Live to explain thy doctrine by thy life.

Prior.

The question is not whether a doctrine is beautiful, but whether it is true.

Guesses at Truth.

All sects seem to me to be right in what they assert, and wrong in what they deny.

Goethe.

Every one cleaves to the doctrine he has happened upon, as to a rock against which he has been thrown by tempest.

Cicero.

Doctrine is nothing but the skin of truth set up and stuffed.

Beecher.

How absurd to try to make two men think alike on matters of religion, when I cannot make two timepieces agree!

Charles V.

  • Go put your creed into your deed
  • Nor speak with double tongue.
  • Emerson.

    “Orthodoxy, my Lord,” said Bishop Warburton, in a whisper—“orthodoxy is my doxy—heterodoxy is another man’s doxy.”

    Joseph Priestly.

    Doctrine is something that is taught.

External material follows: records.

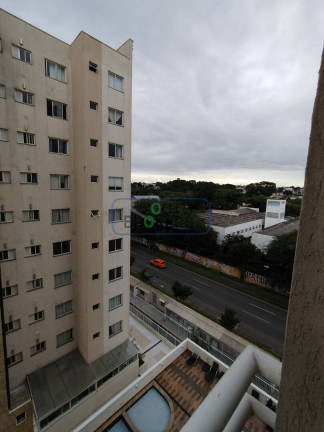 Imagem Apartamento com 2 Quartos à Venda, 56 m² em Boqueirão - Curitiba Imagem Apartamento com 2 Quartos à Venda, 56 m² em Boqueirão - Curitiba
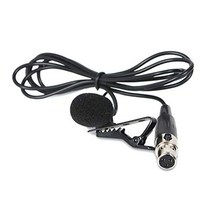 강의용무선마이크 무선기가폰 강의용마이크 전문 마이크 lapel mini xlr 3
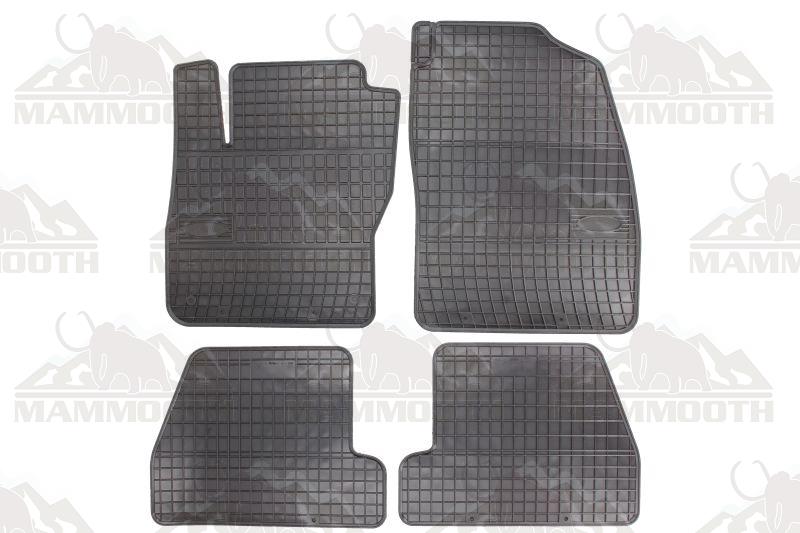 Floor mats
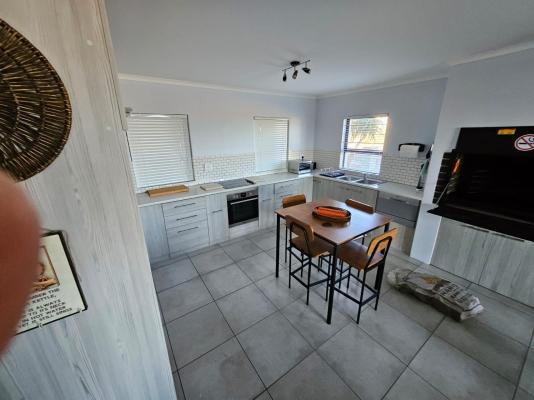 Saltwater Self-Catering - 248094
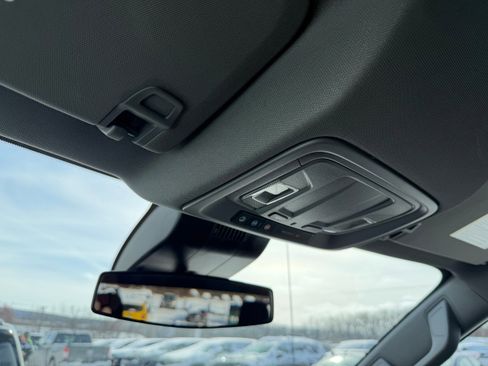 Used 2024 Chevrolet Silverado 1500 RST image 7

Applied to religion it is something that God teaches.

    Joseph Shipps.

    He knew how to weaken his divinity, on occasion, as well as an old housewife to weaken her tea, lest it should keep people awake.

    O. W. Holmes.

    The Athanasian creed is the most splendid ecclesiastical lyric ever poured forth by the genius of man.

    Benj. Disraeli.

    Logic has its use and metaphysics has its use, but neither of them is of much help in the making of a creed.

    Talmage.

    That doctrine which rectifies the conscience, purifies the heart and produces love to God and men is necessarily true.

    Walker.

    In religion as in politics it so happens that we have less charity for those who believe half our creed, than for those who deny the whole of it.

    Colton.

    I move for a creed for all our denominations made out of Scripture quotations, pure and simple. That would be impregnable against infidelity and Appolyonic assault. That would be beyond human criticism. Let us make it simpler and plainer for people to get into the Kingdom of God.

    Talmage.

    Religion, as embodied in the character and conduct of its disciples, cannot survive, without doctrinal purity. In the absence of this element, religious feeling inevitably decays; while even religious necessity becomes a thing of naught.

    J. McC. Holmes.

    Doctrine is the framework of life; it is the skeleton of truth, to be clothed and rounded out by the living graces of a holy life. It is only the lean creature whose bones become offensive.

    A. J. Gordon.

    Go on your knees before God. Bring all your idols; bring self-will, and pride, and every evil lust before Him, and give them up. Devote yourself, heart and soul, to His will; and see if you do not “know of the doctrine.”

    H. W. Beecher.

    The question is not whether a doctrine is beautiful, but whether it is true. When we want to go to a place, we don’t ask whether the road leads through a pretty country, but whether it is the right road, the road pointed out by authority, the turnpike-road.

    Hare.

    Don’t turn your back upon your doctrinal doubts and difficulties. Go up to them and examine them. Perhaps the ghastly object which looks to you in the twilight like a sheeted ghost may prove to be no more than a table-cloth banging upon a hedge.

    A. H. Boyd.

  • Shall I ask the brave soldier, who fights by my side
  • In the cause of mankind, if our creeds agree?
  • Shall I give up the friend I have valued and tried,
  • If he kneel not before the same altar with me?
  • From the heretic girl of my soul should I fly,
  • To seek somewhere else a more orthodox kiss?
  • No! perish the hearts, and the laws that try
  • Truth, valor, or love, by a standard like this!
  • Moore.

    As those wines which flow from the first treading of the grape are sweeter and better than those forced out by the press, which gives them the roughness of the husk and stone, so are those doctrines best and sweetest which flow from a gentle crush of the scriptures, and are not wrung into controversies and commonplaces.

    Bacon.

  • And after hearing what our Church can say,
  • If still our reason runs another way,
  • That private reason, ’tis more just to curb,
  • Than by disputes the public peace disturb;
  • For points obscure are of small use to learn,
  • But common quiet is mankind’s concern.
  • Dryden.

    We are not called on to believe this or that doctrine which may be proposed to us till we can do so from honest conviction. But we are called on to trust—to trust ourselves to God, being sure that He will lead us right—to keep close to Him—and to trust the promises which He whispers through our conscience; this we can do, and we ought to do.

    J. C. Shairp.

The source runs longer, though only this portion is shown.